Todays discussion will be about the correction of astigmatism by glasses
The general rules for correction of astigmatism are:
1)you can fully correct astigmatism in children.
2)if not worn before do not fully correct above 10 yrs.
3)avoid introducing cylinder for the first time above 40.

4)generally do not make big cylinder changes in power all the time (0.5-1.0 max).
5)even for axes do not make more than 15 degree changes if wrong axis worn for a long time.
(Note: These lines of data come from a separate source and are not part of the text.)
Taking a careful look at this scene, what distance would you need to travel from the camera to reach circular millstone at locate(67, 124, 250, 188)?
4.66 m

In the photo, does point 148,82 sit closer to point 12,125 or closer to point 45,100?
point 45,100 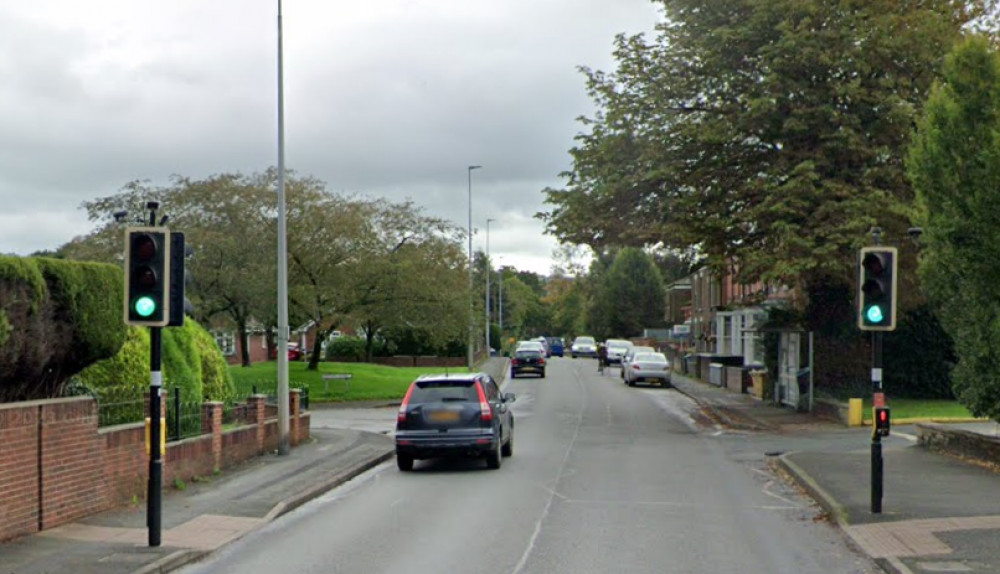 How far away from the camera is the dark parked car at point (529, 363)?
2110 inches

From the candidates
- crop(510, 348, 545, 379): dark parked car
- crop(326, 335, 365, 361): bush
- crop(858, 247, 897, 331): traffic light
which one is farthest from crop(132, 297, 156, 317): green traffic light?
crop(326, 335, 365, 361): bush

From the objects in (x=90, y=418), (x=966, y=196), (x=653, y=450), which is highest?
(x=966, y=196)

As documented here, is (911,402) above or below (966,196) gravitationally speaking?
below

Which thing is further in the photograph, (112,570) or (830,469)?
(830,469)

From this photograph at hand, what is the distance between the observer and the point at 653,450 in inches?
876

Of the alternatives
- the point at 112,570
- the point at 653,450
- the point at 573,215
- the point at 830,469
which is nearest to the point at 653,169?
the point at 573,215

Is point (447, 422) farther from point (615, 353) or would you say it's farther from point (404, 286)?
point (615, 353)

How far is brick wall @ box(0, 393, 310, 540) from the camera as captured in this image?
452 inches

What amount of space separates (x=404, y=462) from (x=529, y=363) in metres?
35.1

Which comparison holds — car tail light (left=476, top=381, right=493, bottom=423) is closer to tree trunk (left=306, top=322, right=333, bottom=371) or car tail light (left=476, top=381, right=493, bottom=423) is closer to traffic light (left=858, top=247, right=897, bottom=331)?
traffic light (left=858, top=247, right=897, bottom=331)

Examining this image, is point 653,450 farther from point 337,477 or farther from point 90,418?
point 90,418

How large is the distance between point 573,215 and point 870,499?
55.2 ft

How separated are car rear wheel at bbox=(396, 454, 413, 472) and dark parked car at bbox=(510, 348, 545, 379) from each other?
34.7 meters

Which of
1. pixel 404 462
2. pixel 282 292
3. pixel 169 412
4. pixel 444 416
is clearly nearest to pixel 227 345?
pixel 282 292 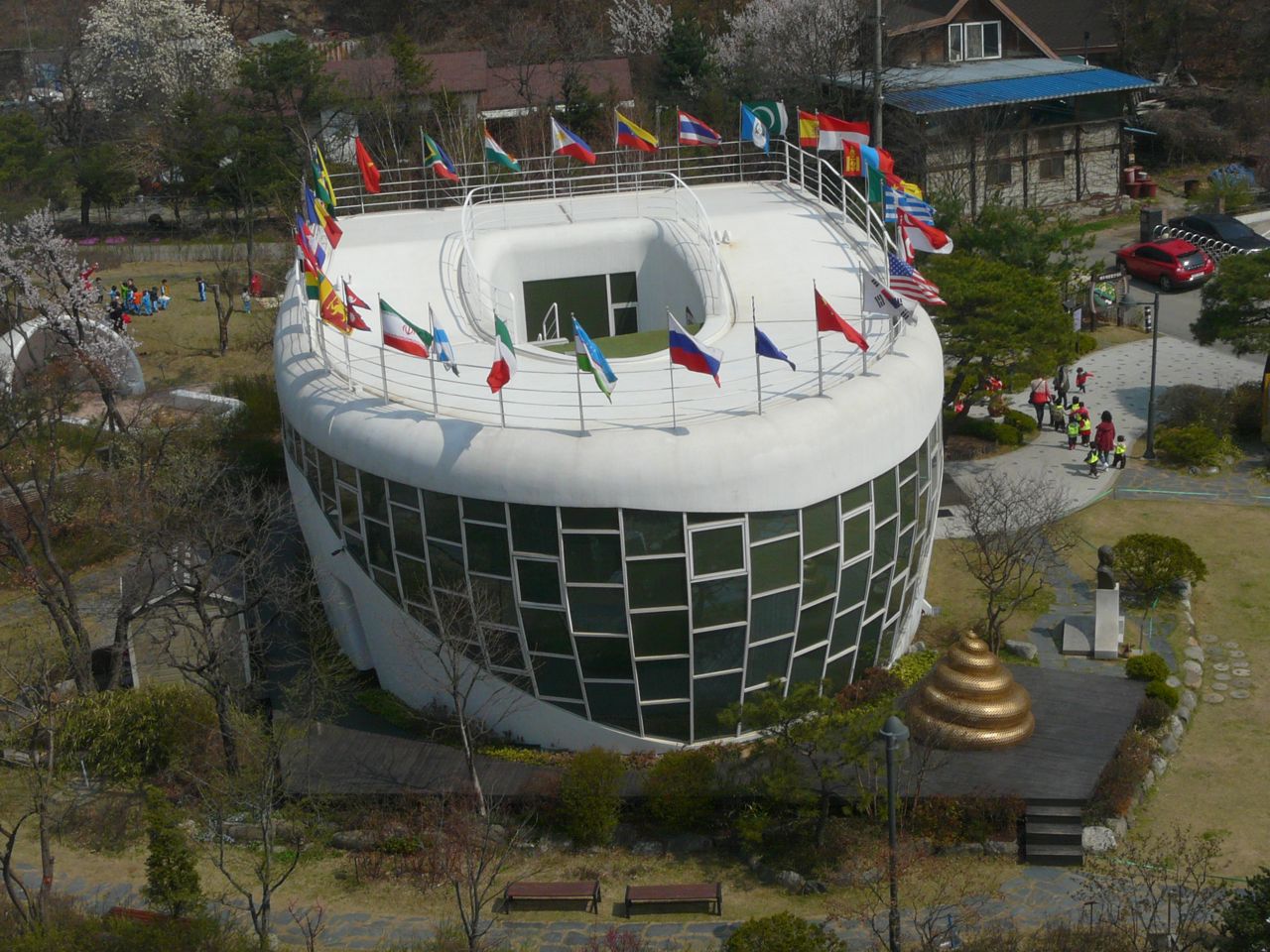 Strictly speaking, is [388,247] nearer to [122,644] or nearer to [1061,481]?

6)you can always use the rule of spherical equivalent to put the circle of least confusion on the retina with acceptable vision.
7)simple astigmatics see better than the corresponding errors because one focal line is on the retina.
8)you can have meridional amblyopia when testing optotypes in astigmatics.
9)sometimes the correction of astigmatism is much more tiring to the patient than the astigmatism itself.
10)if your patient sees 6/6-6/12 use the cross cylinder to refine the cylinder power and axis for those wearing sharp glasses before.
Lets work out some examples
*An 18 year female has cyclorefraction of
-3.0×90 OU and needs best possible vision what will you prescribe?
1)i will under correct cylinder and there are 2 ways.
-change cylinder by 1.0 D at a time.
-give 50% of the cylinder.
2)in this example it is acceptable to give -1.0/-1.5 C (according to patient personality and style of life).
3)if you give -1.0 Cx90, the remaining 2.0 cyl have a spherical eq of -1.0, so her prescription for best vision
-1.0/-1.0×90 or -0.5/-1.5×90 if you use the 50% rule.
* a 40 yr male never worn glasses with refraction +1.0/+2.0/180
1)we will not prescribe cylinder or max 0.5.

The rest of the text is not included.